In the previous blog entry three months ago three goals were set. My greatest pleasure is to announce that two of those goals are completed!

In a nutshell: GeoGebra's future versions may require an internal method to symbolically solve a system of inequalities, and eventually also elimination of quantifiers. Meanwhile hard work was dedicated to this project during the summer, however, most of the work was just a kind of dissemination what we plan to do.

This figure was created for the ADG 2021 conference, more precisely, for our joint talk with Chris Brown and Róbert Vajda. Now we are happy to announce that this goal has been partially achieved: Tarski is ready to work either as a dynamic library (a DLL) so it can be immediately accessed from a Java application. Also, a web version is ready to go, and this goal was completed with the Emscripten toolchain.

Here we provide you with a full featured demo which presents the fulfillment of the second goal. Tarski is running on your machine in your web browser. You do not have to download anything on your machine, unzip, recompile or install any software. Everything is ready to go.

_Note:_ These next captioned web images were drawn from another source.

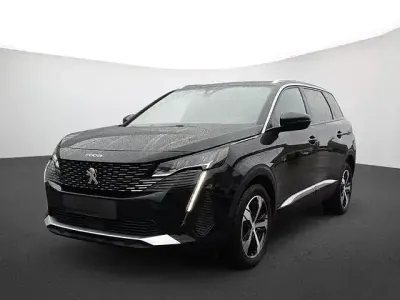 Gebraucht Peugeot 5008 Allure 131 PS (96 kW) 2023 Schwarz SUV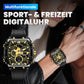 ⌚ 50% RABATT! 🏃 Multifunktionale Digitaluhr – Sport & Freizeit ✨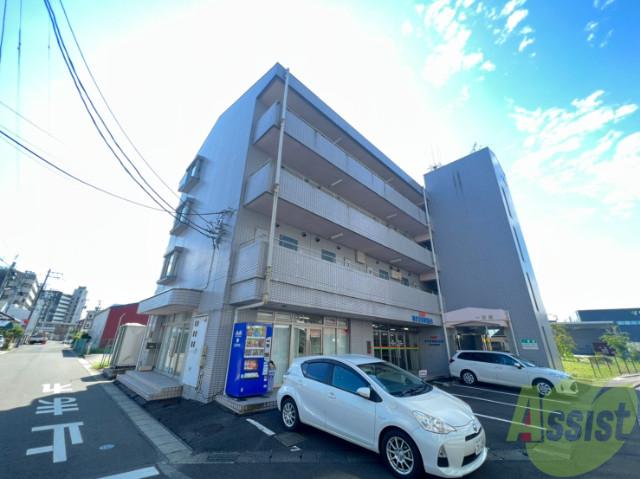 仙台市地下鉄東西線 六丁の目駅 徒歩4分  築35年(1K/2階)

Tarski's syntax may be a bit strange for the first look. It uses a LISP-like input format with nested parentheses. Commands can be given as first words after a parenthesis opens. In our example the command qepcad-api-call is used which means quantifier elimination via an internal API call, namely QEPCAD B. (Luckily, you do not have to know anything about this other tool. It has an even stranger syntax, so better to keep some distance.) After this command a quantified formula is given, here \(\exists x:ax^2+bx+c=0\).

If things work as expected, after clicking in the pink area and pressing ENTER will give you some output that can be interpreted as \[4 a c - b^2 \le 0 \wedge (b \neq 0 \vee c = 0 \vee 4 a c - b^2 < 0).\] So what is the meaning of all of this?

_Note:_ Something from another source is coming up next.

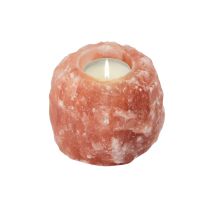 Bougeoir En Cristal De Sel 700 G - Himalaya Salt Dreams
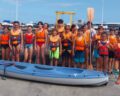 Natação: Cadetes alvi-negros desfrutam de tarde de canoagem e paddle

We ask the question: For which \(x\) values does the quadratic equation \(ax^2+bx+c=0\) have a solution? Answer: If \(a\neq0\), there is a solution if and only if the discriminant satisfies \(b^2-4ac\ge0\). Otherwise, the equation is not quadratic, and in that case there are two subcases: If \(b\ne0\), a solution always exists; otherwise \(c\) must also be 0. It is quite clear that Tarski gave an equivalent answer here.

We note that Tarski actually eliminated the existential quantifier. For this step some sophisticated algorithms were required in the background. Here we do not go into the detail: the magic words are cylindrical algebraic decomposition and real quantifier elimination.

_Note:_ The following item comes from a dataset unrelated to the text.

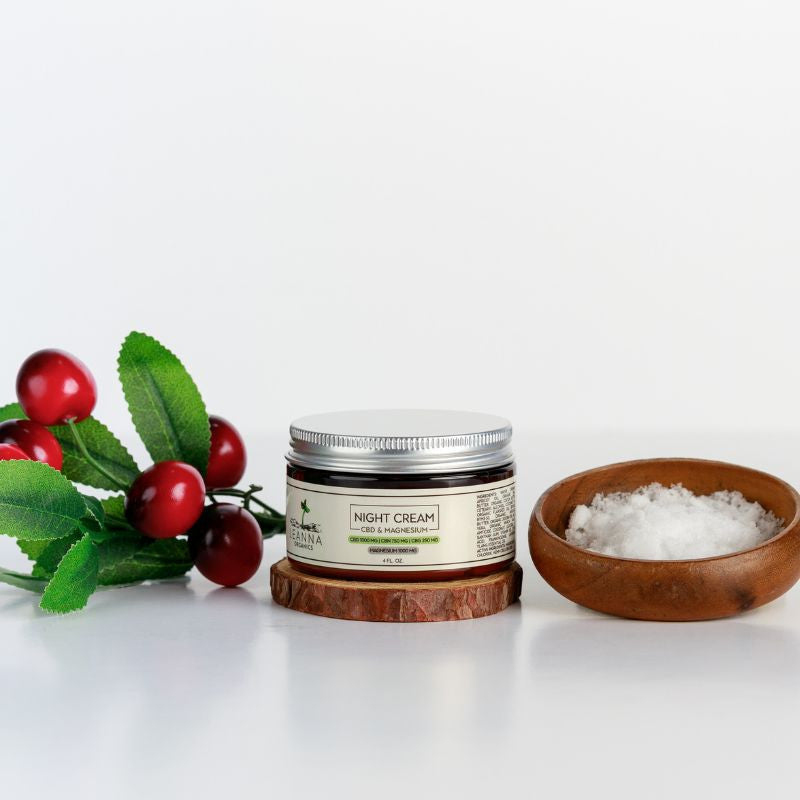 CBD Magnesium Cream lifestyle3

Due to our best knowledge there is no other web based system that can compute such questions to date!

We extended Tarski to be able to compile with Emscripten. To achieve this the source code had to be edited at some places where Emscripten did not support certain C++ techniques. We also compiled openssl for Emscripten and copied in its system folder. After then, the command line TOOLCHAIN=emmake ./build.sh successfully compiles the WebAssembly version of Tarski, and three files are provided: an .html wrapper, a .js interface and the .wasm code.

Here you can download the most recent binaries for various platforms (including WebAssembly, of course).

Maybe you want to try out some examples that are known to work in the web version:

• (qepcad-api-call [ ex x [ x>0 ] ] )
(Is there a positive number?)
• (qepcad-api-call [ ex x [ x^2<0 ] ] )
(Is there a number such that its square is negative?)
• (t-neg [all m[ex x[x^2>m]]])
(What is the negation of the statement that the function \(x^2\) has no upper bound?)